There’s not much to see on the stretch of Route 66 that connects Albuquerque to the small town of Tijeras, but for one quarter-mile stint, there’s plenty to hear. If drivers obey the speed limit, the road belts out a very special rendition of “America the Beautiful.”
A singing road? Really?
Yes, really. Route 66 became musical two years ago, thanks to meticulously placed rumble strips between mile markers four and five. The tune only works when cars are travelling at exactly 45 mph, giving it the dual purpose of encouraging drivers to stay the speed limit and adding much-needed entertainment to an otherwise monotonous highway.
Matt Kennicott, director of communications for the New Mexico Department of Transportation, told Smithsonian.com how it works. “All of the sounds and music notes that we hear in day-to-day life are just vibrations through the air.
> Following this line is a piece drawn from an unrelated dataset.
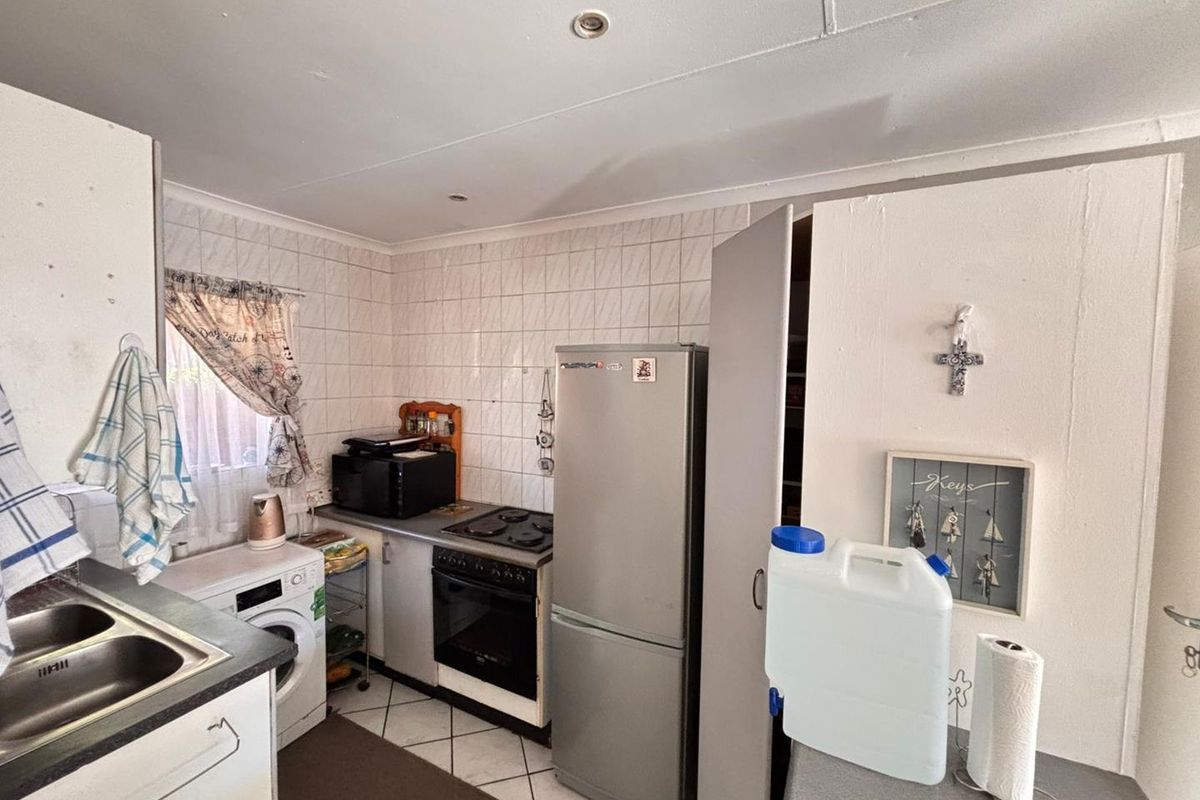 Charming Facebrick Townhouse in Secure Complex - Photo 2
For instance, anything that vibrates 330 times in one second will produce an E note—a guitar string, a tuning fork or even a tire,” he said.
To produce an E note with a car, rumble strips had to be placed such that the car would hit 330 strips if driven at 45 mph for one second. “A bit of math tells us this is 2.4 inches between each rumble strip,” continued Kennicott. “After that, it’s a case of breaking down the music into exact chunks of time and applying the same technique to each space depending on what note is needed and for how long.”
The result is a pretty cool real-life Easter egg, which you can see at work in the video above.